Resonon's hyperspectral imaging systems are used in agriculture research all over the world, enabling identification of weeds, monitoring of plant health, and evaluation of ripeness. Early detection of crop stress is a common application.
Examples of precision agriculture with hyperspectral imaging are:
Invasive Weed Mapping
A Resonon airborne hyperspectral imaging system was used to identify and locate an invasive weed infestation.
Hyperspectral Fluorescence in Grapevine
A Resonon Pika L hyperspectral imager was used to quantify chlorophyll and nitrogen in Cabernet Sauvignon grapevines.

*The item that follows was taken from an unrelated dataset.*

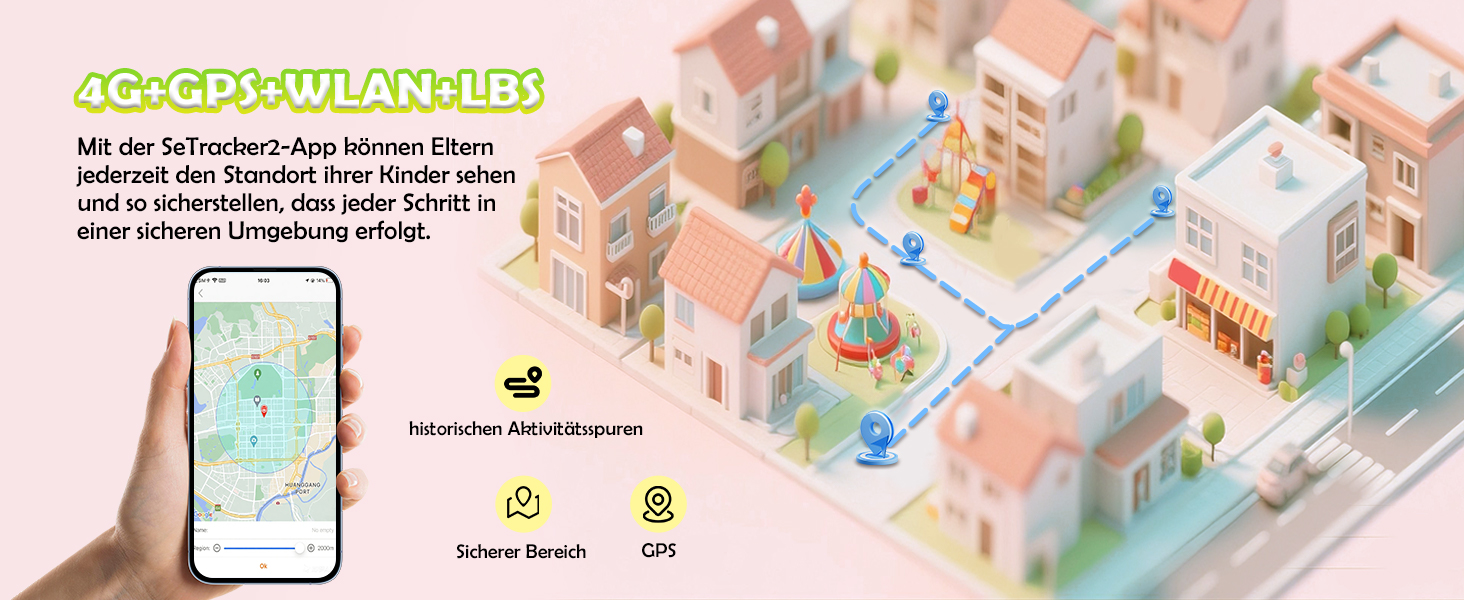 Дитячий розумний годинник з SIM-карткою, GPS-трекер, SOS, 4G, ліхтарик, IP67, для дівчаток та хлопчиків, блакитний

Water Stress of Oilseed Rape Leaves (Brassica napus L.).
Hyperspectral Analysis of Stomatal Behavior of Wheat
Examples of environmental monitoring are:
Forest Fire Analysis
A Pika NIR camera was used to study the structure and temperatures of a wildfire burning in the Bridger Mountain Range approximately 3 miles from the Resonon facility. The fire burned over 11,000 acres and destroyed 28 homes, but thankfully, no one was injured.
Environmental Mapping with Robotic Teams
An autonomous robotic team was developed that can rapidly learn the characteristics of environments it has never seen before using a Pika XC2. This study describes the characterization of an aquatic environment over just a few minutes.
Phototrophic Microbial Communities
A group at the Max Planck Institute in Germany used a Resonon hyperspectral camera to non-invasively identify pigments in single cells and map the spatial organization of phototrophic groups in complex microbial communities.
Resonon's hyperspectral imaging systems are used in food research and industry to identify defects, characterize product quality, and locate contaminants.
Examples of food analysis are:
A Resonon NIR-640 hyperspectral camera was used to scan apples, some of which were purposefully bruised pre-scanning. Resonon’s Spectronon software was used to classify the bruises. Peeling the skin shows the bruising, undetectable in the standard RGB image.
Hyperspectral imaging enables robotic sorting of nuts from shells and other foreign material, a job traditionally accomplished via manual sorting.
The image of walnuts shows the classification of the walnut meat (green) and shell (orange) components.
Hyperspectral machine vision detects small color differences more accurately and identifies different materials more reliably than conventional imaging. Resonon's system can be interfaced to robots, labeling devices, or used as feedback for sorting, grading, or process control.
Examples of machine vision are:
Hyperspectral infrared imagers can identify counterfeits, find defects, and eliminate prescription errors.
The image shows three types of white pills, indistinguishable by color to the human eye, but accurately classified via Resonon NIR-640 hyperspectral machine vision.